Tras cerrar el mercado, el Barça ya abre el capítulo de las renovaciones. Y aunque la plantilla está bien atada y los jugadores que la componen están muy comprometidos, hay situaciones individuales que merecen ser adecuadas. Nadie duda de que Espart quiera jugar muchos años en el Barça. Flick le ha dado la alternativa de una forma rotunda y esa es la mayor motivación.
Pero el chico tiene contrato hasta 2028 y salario del filial. Si el entrenador lo pone por delante de Balde y Cancelo, eso hay que premiarlo. No hay prisa porque Espart es culé, pero hay que cumplir.
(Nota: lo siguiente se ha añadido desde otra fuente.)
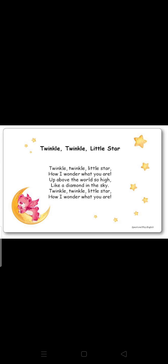Okay students, repeat this rhyme again and again at your home. So, that's all for the day. Thank you. Have a nice day.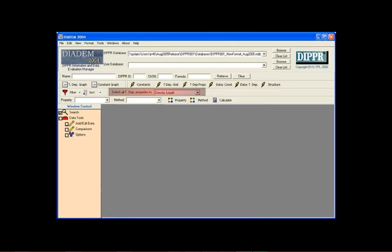This toolbar is used to quickly change the temperature-dependent property in use in all open windows. For example, if I had a variety of temperature-dependent windows open and wanted to quickly view data for liquid vapor pressure, selecting liquid vapor pressure from this list changes all temperature-dependent windows to display data for that property.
Lo mismo sucede con un Gerard Martín que ha asimilado muy bien su reciclaje de lateral a central y con el que Flick cuenta al máximo.
Tampoco Gerard amenazará con irse pero acaba contrato en 2028. Con Bernal el Barça tuvo un trato ejemplar tras su grave lesión, alargando su contrato. Pero ya es jugador de pleno derecho del primer equipo y se le prometió una mejora si se consolidaba. Además, rechazó este verano a clubs de la Premier y Deco y Bojan tomaron nota.
Fariñas recibió dorsal del primer equipo y tendrá su premio. Blindar a los canteranos con más calidad es como hacer un fichaje ‘top’ porque su valor crece y, además, aportan un plus de compromiso. El Barça ya ató meses atrás a Lamine Yamal (2031), Cubarsí (2029), Pedri (2030), Fermín (2031), Gavi (2030), Eric (2031), De Jong (2029), Raphinha (2028) y Koundé (2030). Ese trabajo ya está hecho y esta temporada sólo deberá retocarse si alguno se lo gana con un gran rendimiento.
Y si eso sucede, pagar más duele menos.